I have found that friendship is what is needed, I keep out of the MI aspect of things and keep things very general if they mention their diagnosis (as I do when speaking with my SIL and her cancer treatment). Will acknowledge /empathise / mention how tough it is as appropriate but try not to make it a primary focus. A carer might need to vent, but often just wants to be heard, not given advice on how to fix things.
On that note, there is support available through the carer gateway and I often direct carer friends to this resource.
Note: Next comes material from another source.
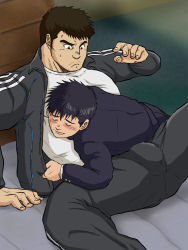 Rule 34 | 2boys, age difference, bara, bulge, coach, crotch, hima hawa, lying, male focus, multiple boys, muscular, original, size difference, sweat, teacher, teacher and student, yaoi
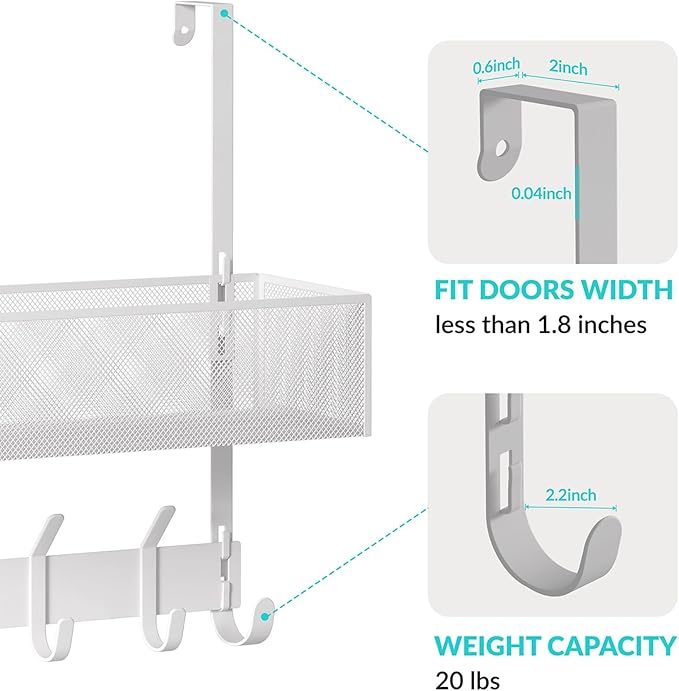 LUCYCAZ Over The Door Hooks Organizer, Door Hanger Storage with Coat Hooks Wreath Hanger & Mesh Basket, Over The Door Towel Rack Door Organizer for Bathroom,Bedroom,Kitchen (White), OVTD01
https://www.carergateway.gov.au
07-09-2019 04:55 PM
07-09-2019 04:55 PM
Hi @Former-Member
what you say seems so straightforward I hadn’t thought about those small text messages, thank you, very sound advice ... when I sent her a ‘I am here for you’ message she made it clear she’s not wanting me to physically see her at the moment ... so texting might be a good way for me to remind her I am near and present when she is ready ... I hope we don’t become estranged ... but who knows right?!
I touched base with my other friend today (who is right in the thick of it with our friend) ... she said our friend was in ER again last night - but now at home - she was going to visit but I haven’t heard any more ... I have a feeling there will be a lot of these scenarios... is that your experience too?
07-09-2019 05:14 PM
07-09-2019 05:14 PM
Allowing space important @Frog2005 , this may mean friendship is different, keeping contact light whilst seeing how things develop would be my suggestion.
Yes, Mr Darcy had a number of ED presentations, was in and out of hospital for 3 years when acute. Am grateful for his present stability.